I particularly like the notion of being looking at the ocean and thinking of your vacation hikes and photos of along your own coast. I'd like it any time, but it seems particularly fitting for Thursday.

You do know that the way one gets unbelievably wonderful friends is by being one, right? Right!

Onward.
randy_byers
Dec. 7th, 2015 06:07 pm (UTC)
All things considered, I think I'd rather be with you in the Outer Banks. I've always heard it's beautiful there .. even if the Atlantic is just a pond compared to the mighty Pacific. :-) And yes, listening to the ocean has been one of my favorite therapies since I was a kid.
gerisullivan
Dec. 7th, 2015 07:44 pm (UTC)
I'd have more fun if you were along, too. Perhaps the next time life brings another road trip our way....

Bigger mountains, bigger ocean, and far superior salmon, too. You've got it all!

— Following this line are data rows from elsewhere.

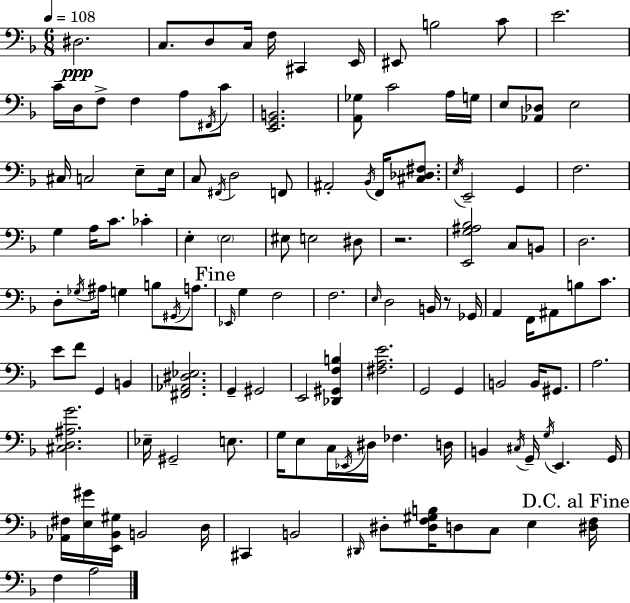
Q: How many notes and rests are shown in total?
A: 126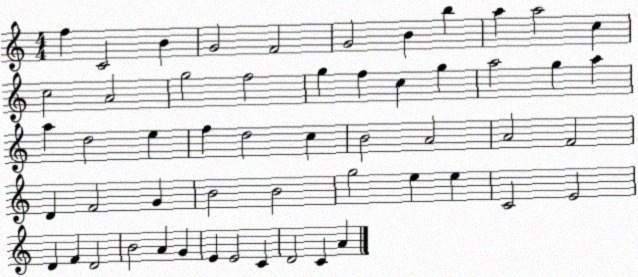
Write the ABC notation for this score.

X:1
T:Untitled
M:4/4
L:1/4
K:C
f C2 B G2 F2 G2 B b a a2 c c2 A2 g2 f2 g f c g a2 g a a d2 e f d2 c B2 A2 A2 F2 D F2 G B2 B2 g2 e e C2 E2 D F D2 B2 A G E E2 C D2 C A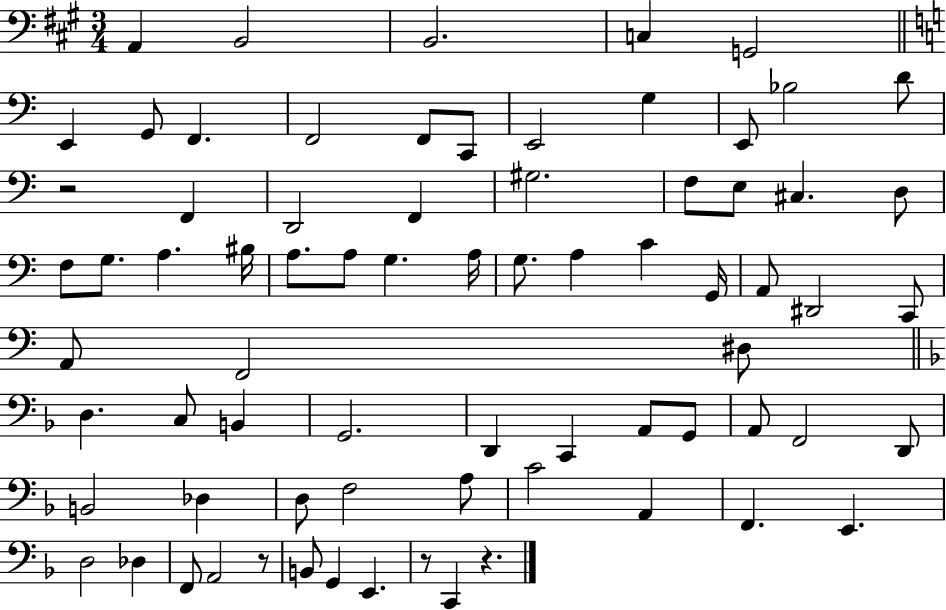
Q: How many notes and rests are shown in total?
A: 74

Something went *click* inside 4-5 years ago. Ever since, whenever my stress levels spike, I've been "OMG, I want ocean. I need ocean." Rocks, trees, and mountains are still good. (Back in the late 1980s, I found it remarkable just what 1,400 miles distance and 14,000 feet could do for my perspective on the trials of working in Corporate America.) But rocks, trees, and mountains aren't *ocean*. I still don't know where that specific urgency came from after decades of liking the ocean just fine, but ranking it even with all the other forms of nature that serve well as therapy (along with music, of course).
grytpype_thynne
Dec. 5th, 2015 04:07 pm (UTC)
That's a bugger of a situation and no mistake. Indeed you are not alone and people thousands of miles away will think of you on Thursday.
randy_byers
Dec. 6th, 2015 06:42 pm (UTC)
Thanks, GT. I can use all the support I can get, even if it's thousands of miles away.
intelligentrix
Dec. 6th, 2015 08:26 am (UTC)
This year is so fired.

I will be sending you good thoughts from my own OR--ironically, I'll be having spinal fusion surgery the same day.

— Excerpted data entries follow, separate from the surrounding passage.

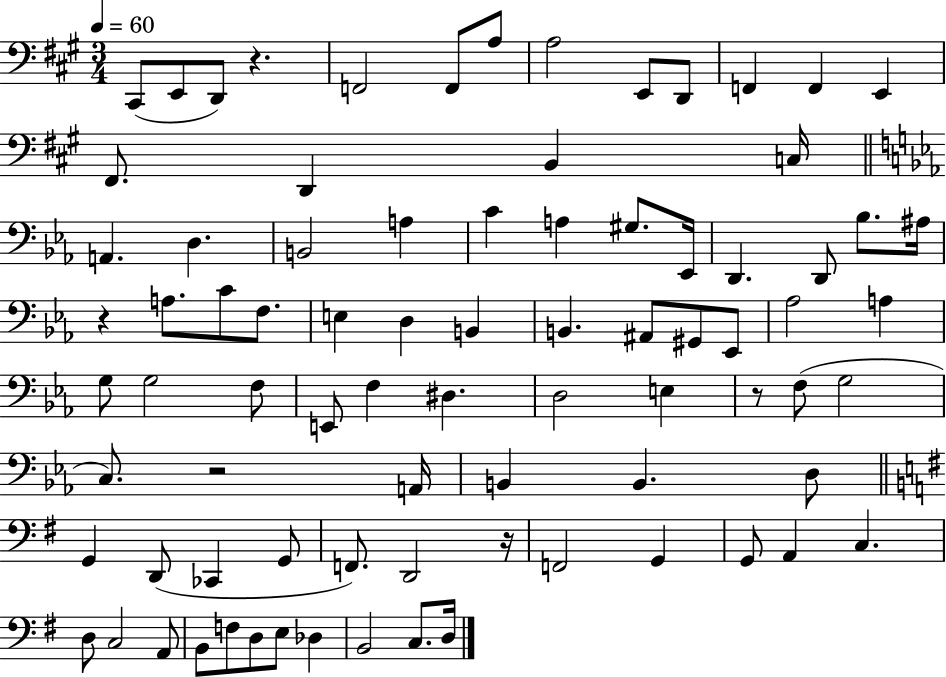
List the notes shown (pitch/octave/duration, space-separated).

C#2/e E2/e D2/e R/q. F2/h F2/e A3/e A3/h E2/e D2/e F2/q F2/q E2/q F#2/e. D2/q B2/q C3/s A2/q. D3/q. B2/h A3/q C4/q A3/q G#3/e. Eb2/s D2/q. D2/e Bb3/e. A#3/s R/q A3/e. C4/e F3/e. E3/q D3/q B2/q B2/q. A#2/e G#2/e Eb2/e Ab3/h A3/q G3/e G3/h F3/e E2/e F3/q D#3/q. D3/h E3/q R/e F3/e G3/h C3/e. R/h A2/s B2/q B2/q. D3/e G2/q D2/e CES2/q G2/e F2/e. D2/h R/s F2/h G2/q G2/e A2/q C3/q. D3/e C3/h A2/e B2/e F3/e D3/e E3/e Db3/q B2/h C3/e. D3/s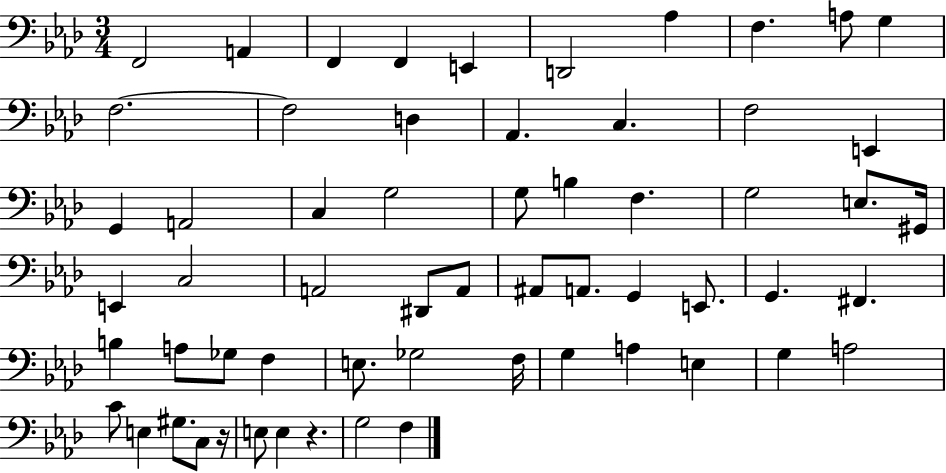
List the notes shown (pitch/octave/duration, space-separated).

F2/h A2/q F2/q F2/q E2/q D2/h Ab3/q F3/q. A3/e G3/q F3/h. F3/h D3/q Ab2/q. C3/q. F3/h E2/q G2/q A2/h C3/q G3/h G3/e B3/q F3/q. G3/h E3/e. G#2/s E2/q C3/h A2/h D#2/e A2/e A#2/e A2/e. G2/q E2/e. G2/q. F#2/q. B3/q A3/e Gb3/e F3/q E3/e. Gb3/h F3/s G3/q A3/q E3/q G3/q A3/h C4/e E3/q G#3/e. C3/e R/s E3/e E3/q R/q. G3/h F3/q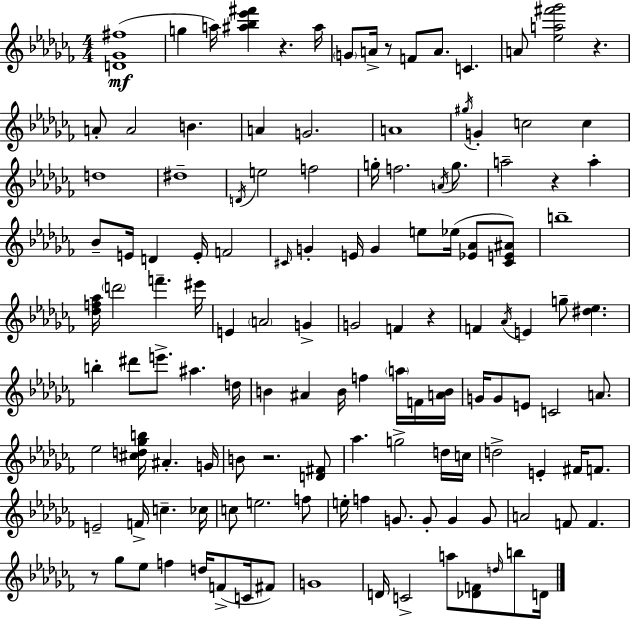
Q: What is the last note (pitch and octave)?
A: D4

I'm so glad you have such a wonderful and supportive family and your circle of friends ain't too shabby either. Best of luck and a big virtual hug from me.
randy_byers
Dec. 6th, 2015 05:04 pm (UTC)
My friends are amazing. Best of luck on your own surgery. I assume it's for back pain, and I hope it does the trick.
wrdnrd
Dec. 6th, 2015 06:18 pm (UTC)
Damn, that's really hard news. Really glad your family's able to be in town for you. If there's any way way i can be helpful, i'm happy to be available. Growlers from Big Time will surely aid your recovery, right?
randy_byers
Dec. 6th, 2015 07:36 pm (UTC)
Thanks, Wrdnrd. I might ask if you'd be willing to pick up a couple of bottles of this year's Old Wooly, when it's released, but I'll reimburse you for that.
wrdnrd
Dec. 7th, 2015 06:32 am (UTC)
I would be so very happy to get you a few bottles.